Now, that’s what I’m talking about. This is exactly why we endeavored to force our children to travel with us to foreign lands. It’s so mind-opening and enlightening to see how another culture has resolved a common fundamental issue—in this case traffic—with such a polar opposite solution. Perhaps this cultural difference is the result of the same mysterious force that allegedly causes toilet bowls to flush backwards in the Southern Hemisphere? We have not yet tested that theory, but I’ll propose it as an idea for the next homeschool project. (At which point they’ll remind me why Papa is the one doing the teaching.)

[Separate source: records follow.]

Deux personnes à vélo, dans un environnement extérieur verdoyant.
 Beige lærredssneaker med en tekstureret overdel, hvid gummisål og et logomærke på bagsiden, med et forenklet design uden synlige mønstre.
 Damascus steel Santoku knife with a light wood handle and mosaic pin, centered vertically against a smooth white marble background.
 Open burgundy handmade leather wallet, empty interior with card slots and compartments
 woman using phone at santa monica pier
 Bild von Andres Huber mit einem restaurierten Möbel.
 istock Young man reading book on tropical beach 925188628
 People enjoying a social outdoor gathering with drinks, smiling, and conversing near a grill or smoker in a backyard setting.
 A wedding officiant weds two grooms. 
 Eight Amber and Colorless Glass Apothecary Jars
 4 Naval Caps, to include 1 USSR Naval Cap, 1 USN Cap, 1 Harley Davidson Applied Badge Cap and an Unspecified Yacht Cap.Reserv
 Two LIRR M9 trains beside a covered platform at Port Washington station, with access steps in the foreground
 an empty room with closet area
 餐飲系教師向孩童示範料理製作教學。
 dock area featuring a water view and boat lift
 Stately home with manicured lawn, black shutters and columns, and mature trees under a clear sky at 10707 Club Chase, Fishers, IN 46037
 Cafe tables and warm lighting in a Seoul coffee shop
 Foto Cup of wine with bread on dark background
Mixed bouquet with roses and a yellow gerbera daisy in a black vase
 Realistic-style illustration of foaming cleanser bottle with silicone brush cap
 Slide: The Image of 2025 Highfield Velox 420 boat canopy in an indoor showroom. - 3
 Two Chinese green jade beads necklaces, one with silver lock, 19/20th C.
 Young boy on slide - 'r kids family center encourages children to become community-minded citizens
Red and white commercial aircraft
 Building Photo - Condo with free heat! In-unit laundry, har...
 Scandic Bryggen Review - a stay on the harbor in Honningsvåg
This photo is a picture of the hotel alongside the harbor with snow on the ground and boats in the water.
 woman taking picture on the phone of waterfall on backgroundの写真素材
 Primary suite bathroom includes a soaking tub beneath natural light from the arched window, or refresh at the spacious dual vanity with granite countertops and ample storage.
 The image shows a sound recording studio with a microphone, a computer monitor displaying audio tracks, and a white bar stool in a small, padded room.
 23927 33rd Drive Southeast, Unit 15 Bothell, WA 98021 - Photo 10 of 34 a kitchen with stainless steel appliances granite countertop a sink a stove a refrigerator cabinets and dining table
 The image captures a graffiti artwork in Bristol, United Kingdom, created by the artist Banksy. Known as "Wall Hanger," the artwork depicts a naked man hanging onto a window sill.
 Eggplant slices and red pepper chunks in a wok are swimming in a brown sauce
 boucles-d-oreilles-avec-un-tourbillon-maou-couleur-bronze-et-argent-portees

                                                

Rest assured, Jason and I have no intention of attempting to drive here. Instead, we’re happy to rely on the city’s public busses, which we found to be quite entertaining once we resigned to throw our old ideas about personal space out the window (along with our garbage, as instructed by the hand-painted sign we saw yesterday urging riders to “Keep your bus clean—throw your trash out the window”).